Rishi Sunak has mostly ignored small business hit by the pandemic and the struggling self-employed in today’s Spending Review.
The chancellor shrugged off calls for him to cut national insurance and help those self-employed such as company directors who have found themselves excluded from government Covid support.
He did however freeze any increase in business rates when they kick back in again in April. The Treasury estimates that this move will save businesses £575m over the next five years.
Indeed, there was more help for the employee than the employer, as Mr Sunak increased the National Living Wage to £8.91 per hour for those aged over 23 and announced a Restart Scheme to help the newly unemployed.
Jonathan Geldart, director general of the Institute of Directors, welcomes the Restart Scheme but said the chancellor missed a trick by not combining the scheme with a cut to employers’ NI contributions.
Nigel Morris, employment tax director at MHA MacIntyre Hudson, said that Sunak failed to deliver for businesses.

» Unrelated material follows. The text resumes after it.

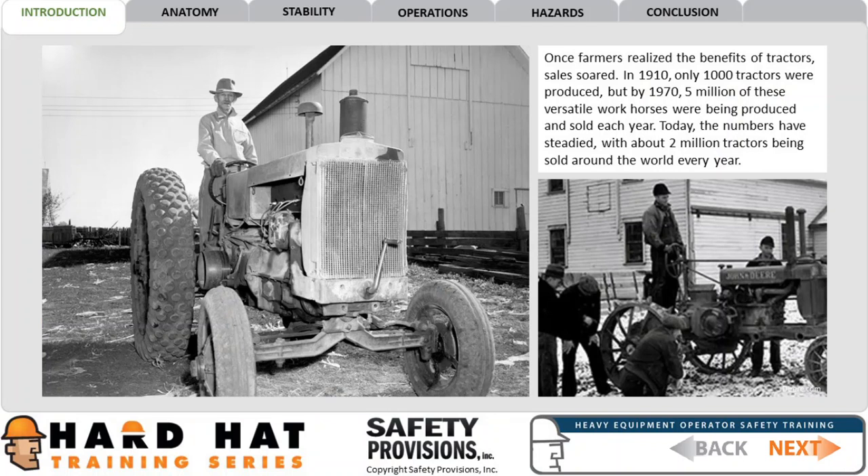Once farmers realized the benefits of tractors, sales soared. In 1910, only 1,000 tractors were produced, but by 1970, 5 million of these versatile workhorses were being produced and sold each year. Today, the numbers have steadied, with about 2 million tractors being sold around the world every year.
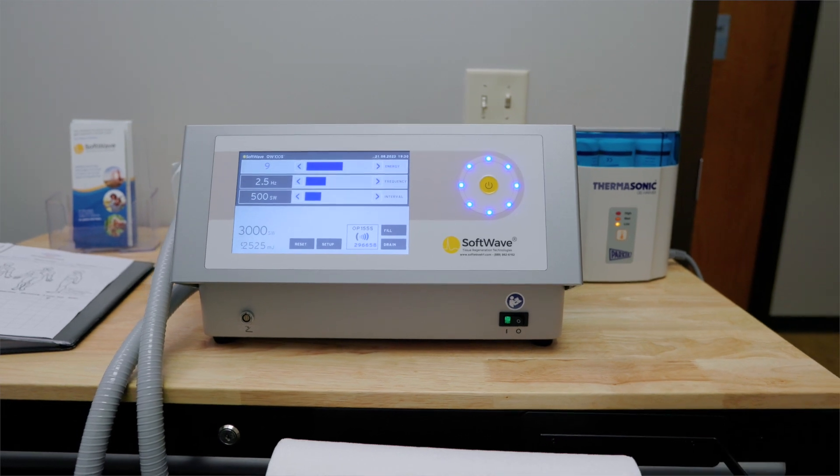So to have pain relief and to be able to get back to normal routine has been a game-changer for me. This is my third treatment. After the first one, I could tell a huge difference. What was the big difference that you felt? I could actually put weight on it and move. Go up a ladder — I couldn't go up a ladder before. I had to use my right foot to go up first. Now I can use my left foot to go up.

Morris said: “More help for businesses is essential to protect our economy, yet we saw no major support made available for them, for example a cut in employers’ national insurance payments, or restoration of the £1,000 Job Retention Bonus for keeping on furloughed staff.”
“The increase in the National Living Wage is great news for employees … but this puts more pressure on stretched employers to fund wages and associated national insurance costs.”
Qdos, the insurance broker for the self-employed, said the Spending Review ignored a “golden opportunity” to fill the gaps in coronavirus financial support for those excluded so far.
Seb Maley, CEO of Qdos CEO, said: “The chancellor didn’t even acknowledge the gaps in the coronavirus support in his speech, despite mounting pressure to tailor the help available.”
“I find it remarkable that the government continues to ignore calls to provide millions of freelancers and small business owners with the support they clearly need.”